Java 7zip compression is too big - java

I have a Java program which searches for a folder with the date of yesterday and compresses it to a 7zip file and deletes it at the end. Now I have noticed that the generated 7zip archive files by my program are way too big. When I use a program like 7-Zip File Manager to compress my files it generates an archive which is 5 kb big while my program generates an archive which is 737 kb big for the same files (which have a 873 kb size). Now I am afraid that my program does not compress it to a 7zip file but do a usual zip file. Is there a way to change something in my code so that it generates a smaller 7zip file like 7-Zip File Manager would do it?
package SevenZip;
import java.io.File;
import java.io.FileInputStream;
import java.io.IOException;
import java.text.SimpleDateFormat;
import java.util.Calendar;
import java.util.concurrent.TimeUnit;
import org.apache.commons.compress.archivers.sevenz.SevenZArchiveEntry;
import org.apache.commons.compress.archivers.sevenz.SevenZOutputFile;
public class SevenZipUtils {
public static void main(String[] args) throws InterruptedException, IOException {
String sourceFolder = "C:/Users/Ferid/Documents/Dates/";
String outputZipFile = "/Users/Ferid/Documents/Dates";
int sleepTime = 0;
compress(sleepTime, outputZipFile, sourceFolder);
}
public static boolean deleteDirectory(File directory, int sleepTime) throws InterruptedException {
if (directory.exists()) {
File[] files = directory.listFiles();
if (null != files) {
for (int i = 0; i < files.length; i++) {
if (files[i].isDirectory()) {
deleteDirectory(files[i], sleepTime);
System.out.println("Folder deleted: " + files[i]);
} else {
files[i].delete();
System.out.println("File deleted: " + files[i]);
}
}
}
}
TimeUnit.SECONDS.sleep(sleepTime);
return (directory.delete());
}
public static void compress(int sleepTime, String outputZipFile, String sourceFolder)
throws IOException, InterruptedException {
// finds folder of yesterdays date
final Calendar cal = Calendar.getInstance();
cal.add(Calendar.DATE, -1); // date of yesterday
String timeStamp = new SimpleDateFormat("yyyyMMdd").format(cal.getTime()); // format the date
System.out.println("Yesterday was " + timeStamp);
if (sourceFolder.endsWith("/")) { // add yesterday folder to sourcefolder path
sourceFolder = sourceFolder + timeStamp;
} else {
sourceFolder = sourceFolder + "/" + timeStamp;
}
if (outputZipFile.endsWith("/")) { // add yesterday folder name to outputZipFile path
outputZipFile = outputZipFile + " " + timeStamp + ".7z";
} else {
outputZipFile = outputZipFile + "/" + timeStamp + ".7z";
}
File file = new File(sourceFolder);
if (file.exists()) {
try (SevenZOutputFile out = new SevenZOutputFile(new File(outputZipFile))) {
addToArchiveCompression(out, file, ".");
System.out.println("Files sucessfully compressed");
deleteDirectory(new File(sourceFolder), sleepTime);
}
} else {
System.out.println("Folder does not exist");
}
}
private static void addToArchiveCompression(SevenZOutputFile out, File file, String dir) throws IOException {
String name = dir + File.separator + file.getName();
if (file.isFile()) {
SevenZArchiveEntry entry = out.createArchiveEntry(file, name);
out.putArchiveEntry(entry);
FileInputStream in = new FileInputStream(file);
byte[] b = new byte[1024];
int count = 0;
while ((count = in.read(b)) > 0) {
out.write(b, 0, count);
}
out.closeArchiveEntry();
in.close();
System.out.println("File added: " + file.getName());
} else if (file.isDirectory()) {
File[] children = file.listFiles();
if (children != null) {
for (File child : children) {
addToArchiveCompression(out, child, name);
}
}
System.out.println("Directory added: " + file.getName());
} else {
System.out.println(file.getName() + " is not supported");
}
}
}
I am using the Apache Commons Compress library
EDIT: Here is a link where I have some of the Apache Commons Compress code from.

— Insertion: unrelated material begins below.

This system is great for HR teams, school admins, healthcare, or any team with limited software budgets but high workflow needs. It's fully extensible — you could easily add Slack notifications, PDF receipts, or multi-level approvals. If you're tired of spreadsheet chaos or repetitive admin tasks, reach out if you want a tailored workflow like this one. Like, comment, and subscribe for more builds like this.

Commons Compress is starting a new block in the container file for each archive entry. Note the block counter here:
Not quite the answer you were hoping for, but the docs say it doesn't support "solid compression" - writing several files to a single block. See paragraph 5 in the docs here.
A quick look around found a few other Java libraries that support LZMA compression, but I couldn't spot one that could do so within the parent container file format for 7-Zip. Perhaps someone else knows of an alternative...
It sounds like a normal zip file format (e.g. via ZipOutputStream) is not an option?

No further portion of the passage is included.